■ **Aim of the task**
Each of the records must appear again, exactly as it was written.

■ **Web page caption snippets**
[Start of section]

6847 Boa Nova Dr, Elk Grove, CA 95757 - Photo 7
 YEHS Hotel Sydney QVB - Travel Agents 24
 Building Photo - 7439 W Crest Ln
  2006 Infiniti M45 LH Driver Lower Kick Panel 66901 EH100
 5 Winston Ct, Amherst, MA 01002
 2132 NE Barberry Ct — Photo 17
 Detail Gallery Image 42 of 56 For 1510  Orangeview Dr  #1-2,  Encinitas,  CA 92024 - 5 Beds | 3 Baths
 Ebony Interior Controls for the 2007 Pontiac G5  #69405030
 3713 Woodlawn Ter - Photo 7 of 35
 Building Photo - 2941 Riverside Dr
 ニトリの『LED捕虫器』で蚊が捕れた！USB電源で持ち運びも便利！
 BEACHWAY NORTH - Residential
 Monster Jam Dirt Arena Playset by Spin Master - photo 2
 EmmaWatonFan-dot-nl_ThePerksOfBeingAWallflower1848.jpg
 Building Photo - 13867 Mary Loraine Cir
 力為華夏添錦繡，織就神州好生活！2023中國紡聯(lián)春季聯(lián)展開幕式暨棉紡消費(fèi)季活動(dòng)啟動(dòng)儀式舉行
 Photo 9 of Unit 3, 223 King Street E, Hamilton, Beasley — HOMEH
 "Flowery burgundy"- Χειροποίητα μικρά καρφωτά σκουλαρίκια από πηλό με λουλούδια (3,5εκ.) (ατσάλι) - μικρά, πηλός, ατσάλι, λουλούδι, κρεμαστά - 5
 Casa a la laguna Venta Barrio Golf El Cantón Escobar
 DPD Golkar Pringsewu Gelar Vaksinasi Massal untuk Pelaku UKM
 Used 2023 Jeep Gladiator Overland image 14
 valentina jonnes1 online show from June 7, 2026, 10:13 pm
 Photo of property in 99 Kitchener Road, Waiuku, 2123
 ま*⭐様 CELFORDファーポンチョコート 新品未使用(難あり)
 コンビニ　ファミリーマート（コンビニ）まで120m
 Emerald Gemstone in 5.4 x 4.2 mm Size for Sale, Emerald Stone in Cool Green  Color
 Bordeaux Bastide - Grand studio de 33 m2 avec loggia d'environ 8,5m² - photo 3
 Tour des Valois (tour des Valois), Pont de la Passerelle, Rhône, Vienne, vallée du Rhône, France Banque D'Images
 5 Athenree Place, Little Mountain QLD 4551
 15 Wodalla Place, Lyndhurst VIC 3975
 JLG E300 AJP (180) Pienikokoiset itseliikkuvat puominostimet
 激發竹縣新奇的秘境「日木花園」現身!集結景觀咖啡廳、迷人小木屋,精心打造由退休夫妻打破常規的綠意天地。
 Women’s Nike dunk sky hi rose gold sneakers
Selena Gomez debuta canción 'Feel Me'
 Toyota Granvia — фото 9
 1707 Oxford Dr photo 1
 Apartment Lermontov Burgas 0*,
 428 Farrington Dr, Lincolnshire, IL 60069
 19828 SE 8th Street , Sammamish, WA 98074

[End of section]

■ **Exercise response**
6847 Boa Nova Dr, Elk Grove, CA 95757 - Photo 7
 YEHS Hotel Sydney QVB - Travel Agents 24
 Building Photo - 7439 W Crest Ln
  2006 Infiniti M45 LH Driver Lower Kick Panel 66901 EH100
 5 Winston Ct, Amherst, MA 01002
 2132 NE Barberry Ct — Photo 17
 Detail Gallery Image 42 of 56 For 1510  Orangeview Dr  #1-2,  Encinitas,  CA 92024 - 5 Beds | 3 Baths
 Ebony Interior Controls for the 2007 Pontiac G5  #69405030
 3713 Woodlawn Ter - Photo 7 of 35
 Building Photo - 2941 Riverside Dr
 ニトリの『LED捕虫器』で蚊が捕れた！USB電源で持ち運びも便利！
 BEACHWAY NORTH - Residential
 Monster Jam Dirt Arena Playset by Spin Master - photo 2
 EmmaWatonFan-dot-nl_ThePerksOfBeingAWallflower1848.jpg
 Building Photo - 13867 Mary Loraine Cir
 力為華夏添錦繡，織就神州好生活！2023中國紡聯(lián)春季聯(lián)展開幕式暨棉紡消費(fèi)季活動(dòng)啟動(dòng)儀式舉行
 Photo 9 of Unit 3, 223 King Street E, Hamilton, Beasley — HOMEH
 "Flowery burgundy"- Χειροποίητα μικρά καρφωτά σκουλαρίκια από πηλό με λουλούδια (3,5εκ.) (ατσάλι) - μικρά, πηλός, ατσάλι, λουλούδι, κρεμαστά - 5
 Casa a la laguna Venta Barrio Golf El Cantón Escobar
 DPD Golkar Pringsewu Gelar Vaksinasi Massal untuk Pelaku UKM
 Used 2023 Jeep Gladiator Overland image 14
 valentina jonnes1 online show from June 7, 2026, 10:13 pm
 Photo of property in 99 Kitchener Road, Waiuku, 2123
 ま*⭐様 CELFORDファーポンチョコート 新品未使用(難あり)
 コンビニ　ファミリーマート（コンビニ）まで120m
 Emerald Gemstone in 5.4 x 4.2 mm Size for Sale, Emerald Stone in Cool Green  Color
 Bordeaux Bastide - Grand studio de 33 m2 avec loggia d'environ 8,5m² - photo 3
 Tour des Valois (tour des Valois), Pont de la Passerelle, Rhône, Vienne, vallée du Rhône, France Banque D'Images
 5 Athenree Place, Little Mountain QLD 4551
 15 Wodalla Place, Lyndhurst VIC 3975
 JLG E300 AJP (180) Pienikokoiset itseliikkuvat puominostimet
 激發竹縣新奇的秘境「日木花園」現身!集結景觀咖啡廳、迷人小木屋,精心打造由退休夫妻打破常規的綠意天地。
 Women’s Nike dunk sky hi rose gold sneakers
Selena Gomez debuta canción 'Feel Me'
 Toyota Granvia — фото 9
 1707 Oxford Dr photo 1
 Apartment Lermontov Burgas 0*,
 428 Farrington Dr, Lincolnshire, IL 60069
 19828 SE 8th Street , Sammamish, WA 98074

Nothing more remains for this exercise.